A local fashion designer is looking to exploit what she sees as a glaring gap in the clothing market.
Sophie Bath-Stirk, 25, is looking to appeal to young people like her who ‘don’t want to shop at the top of town any more, at places like Topshop, but also don’t have the funds to afford the really high-end boutiques’.
And with her label Lily & Carter, she is convinced that by rooting herself in that ‘middle ground’ she will find a perfect fit with her customers.
Growing up in Nevill Park, she considers her home town to be the place with the perfect demographic, a ‘wealthy, stylish, commuter town’. And after her stall at last year’s Pantiles fashion market sold out within eight minutes, all the signs suggest the custom is there.
“I often see the addresses of online orders, just around the corner from me and I think, ‘I could hand deliver that!'”
Beginning its third year, the label will be hoping to continue its pattern of growth after seeing a 150 per cent increase in annual sales in their second year, from £20,000 to £50,000.
It was off to a good start after being invited to the London Fashion Weekend – a retail accompaniment to the world-famous Fashion Week, where she sold old out of stock on all four days.
Selling a range of garments, her Autumn Winter Collection channels inspirations from ski-wear.

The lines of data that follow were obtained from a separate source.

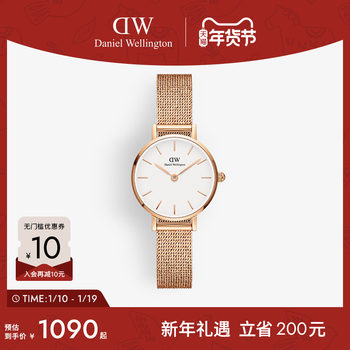 Dw Watch for Women Petite Series Wheat Strap Small Round Watch Ladies' Flowing Gold Watch Compact Dial 24mm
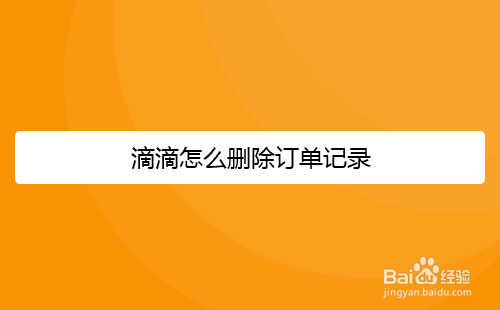 滴滴怎么删除订单记录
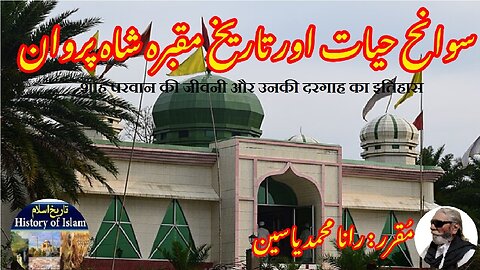 Shah Parwan and his Shrine शाह परवान और उसकी दरगाह شاہ پروان کی سوانح حیات اور مزار کی تاریخ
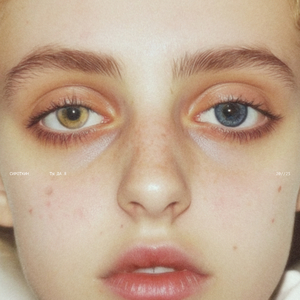 Ты да я (ремикс)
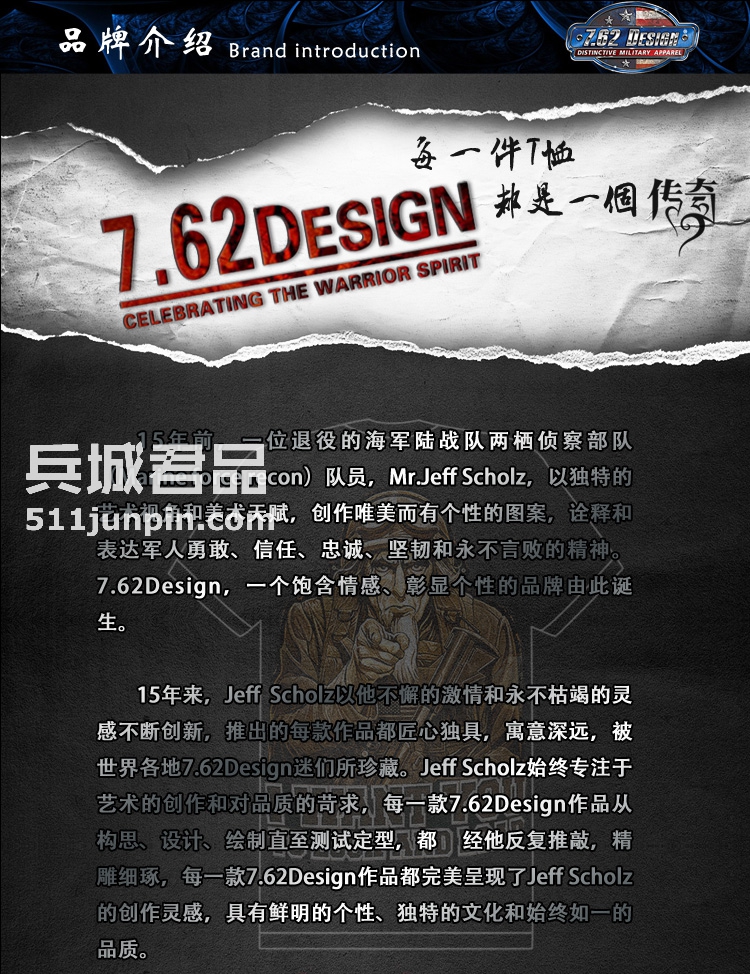 美国正品7.62design男士纯棉短袖 户外军迷情侣t恤 全副武装2430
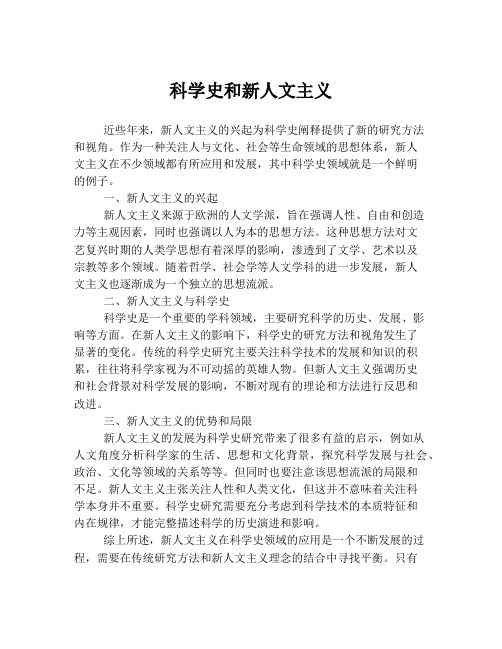 科学史和新人文主义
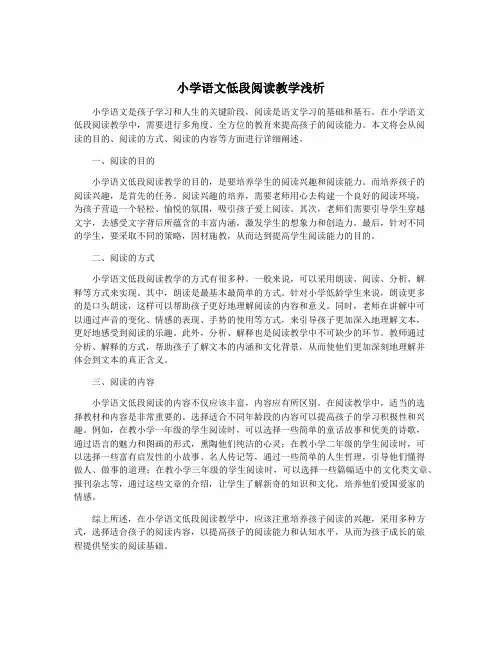 小学语文低段阅读教学浅析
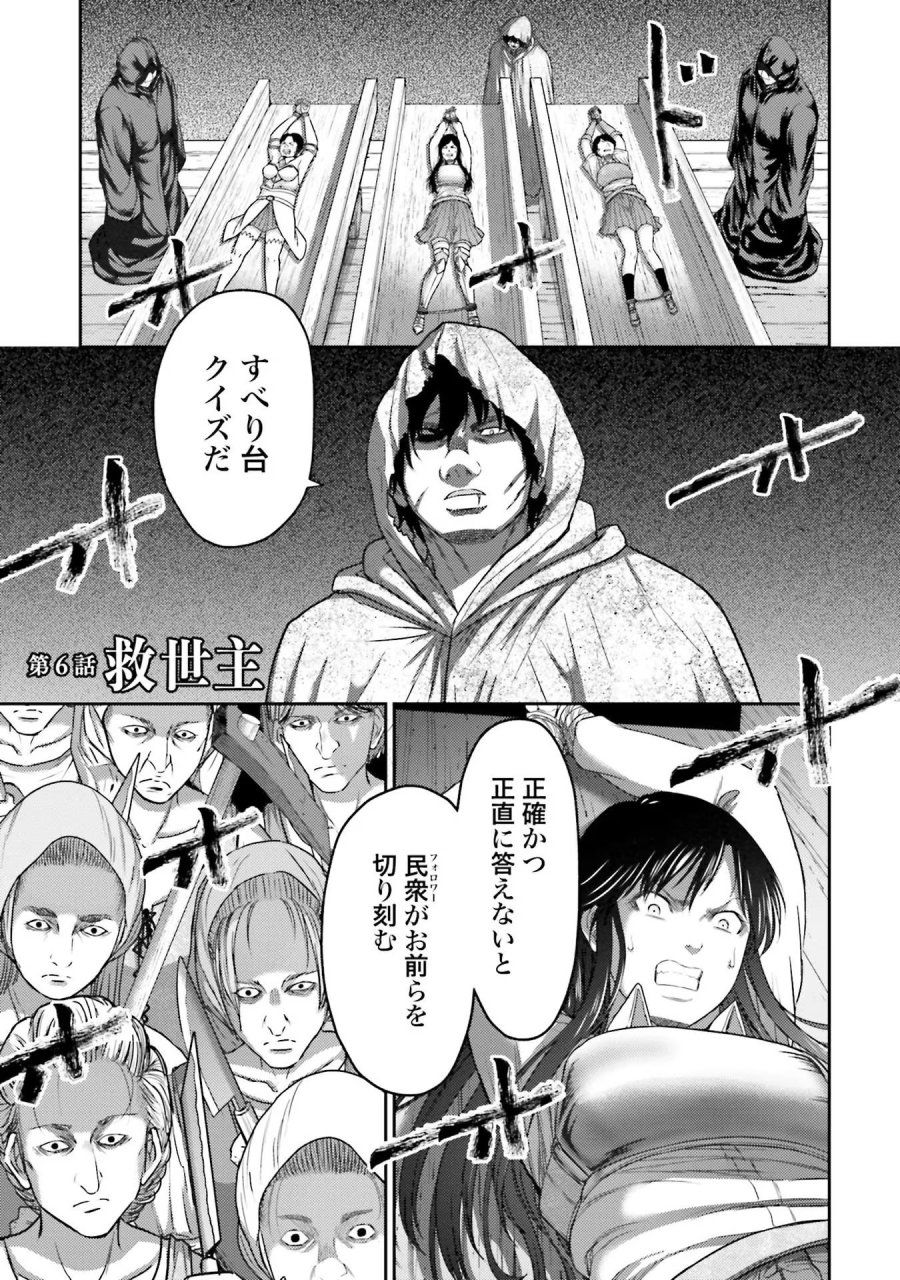 豚の復讐 第6話 - Trang 1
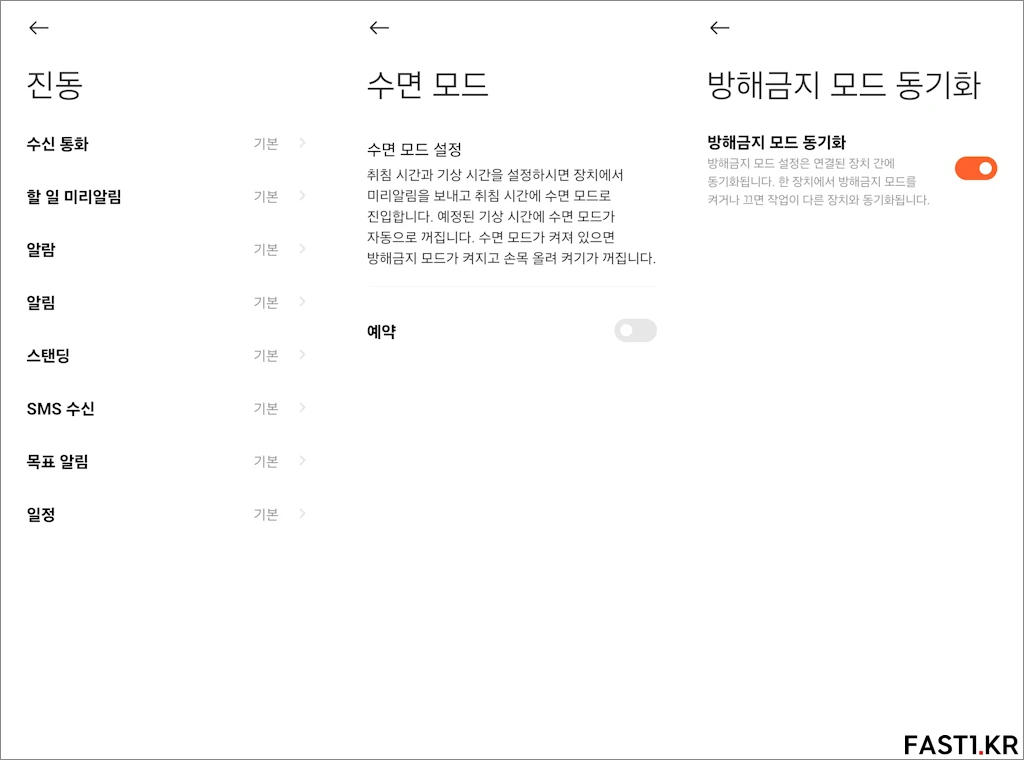 샤오미 레드미 워치 4 리뷰 SC011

One of the most popular pieces at the event at the Versace Gallery was the Fleece Tunic Dress.
And now she has just signed a flagship deal with Champneys spa, putting her product in front of thousands of new potential customers, overcoming what she considers the ‘biggest barrier for a start-up – getting your products in front of the right people’.

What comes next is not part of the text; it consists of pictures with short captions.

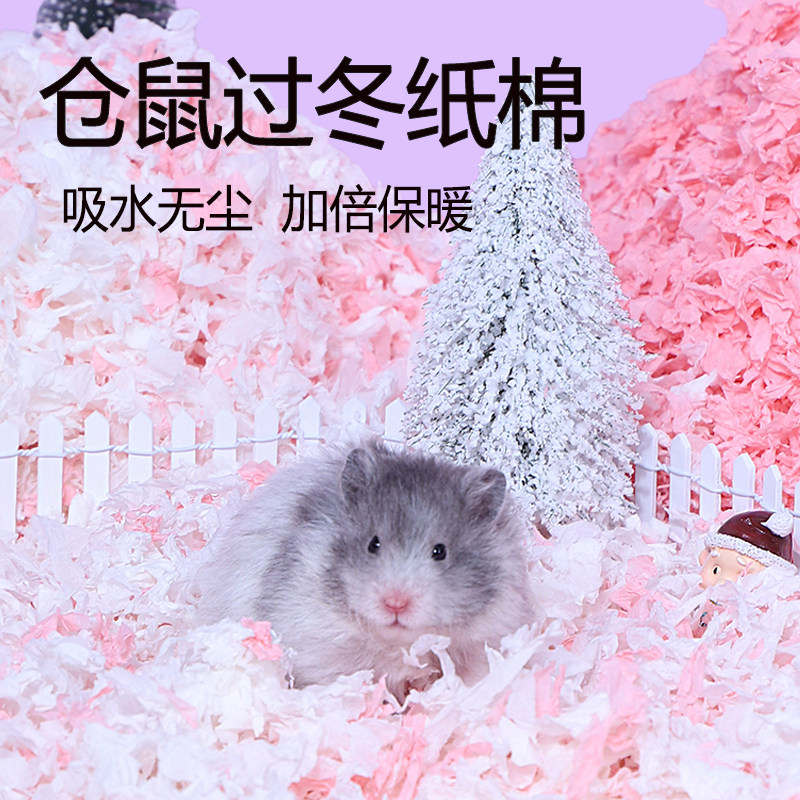 仓鼠垫料纸棉秋冬金丝熊低尘木屑刨花吸水纸棉棉球造景用品大全,宠物/宠物食品及用品,垫料,淘宝优惠券,粉丝福利购,淘宝优惠卷
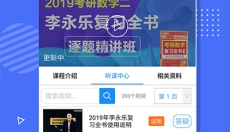 肖文杰英语 截图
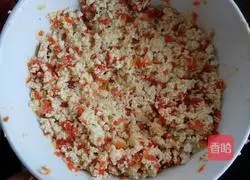 Illustration of how to make carrot and tofu dumplings 7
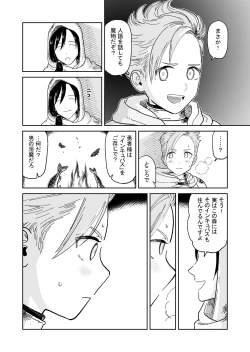 Page 6 of Yuusha-kun to Incubus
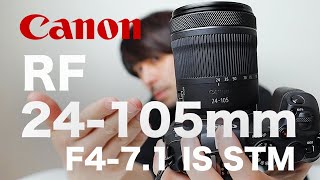 【Canon ミラーレスカメラ用レンズ】RF24105mm F471 IS STMレビュー [upl. by Drusy62]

Although they do have to accept the spa taking a 30 per cent commission on each sale – a fact that Ms Bath-Stirk doesn’t mind as ‘it ensures there is an incentive for both sides to sell the product’.
Her range is now in nine boutiques, after securing five wholesale deals earlier this year.
Such a bumper year has led to the business’s founder harbouring global ambitions for the brand.
“I am determined to expand into the international market. In terms of the fashion scene, China is unbelievably large. The amount they spend on fashion as a whole is just obscene.”
Although she admits, working internationally brings along its own challenges:
“When I was working with a manufacturer in India, being female it was very difficult. It was very clear they didn’t want to talk to me. But in the end, you have to work with each other’s culture.
“So, for example, we started Photoshopping any cleavage out of the pictures as we know it is considered disrespectful to be that revealing.”
And despite being in the fashion industry, she is keen to avoid any unnecessary frills becoming attached to her business.
Still working from home, she employs only one permanent member of in-house staff, liaising with six key people who have expertise in different areas as and when she needs them – since ‘it’s important to keep costs down’.
And this frugal attitude has been with her from the beginning, when she would watch online tutorials on website design to protect her £20,000 start-up capital.
“My attitude is if I can do it myself, or teach myself to do it, I’m more than prepared to get on and do it.”
While many young designers who’ve started to taste success in a glamorous industry may be tempted to splash out on fancy London offices or retail space, Ms Bath-Stirk is determined to keep her feet on the ground:
“I don’t want my own shop, it would just be an unnecessary distraction. People might be surprised by that, but online retail is growing quicker than I think people realise.”
As for her home town, she is a ‘big fan’ of lots of the boutiques, but ‘there are so many good ones, it’s hard to choose’.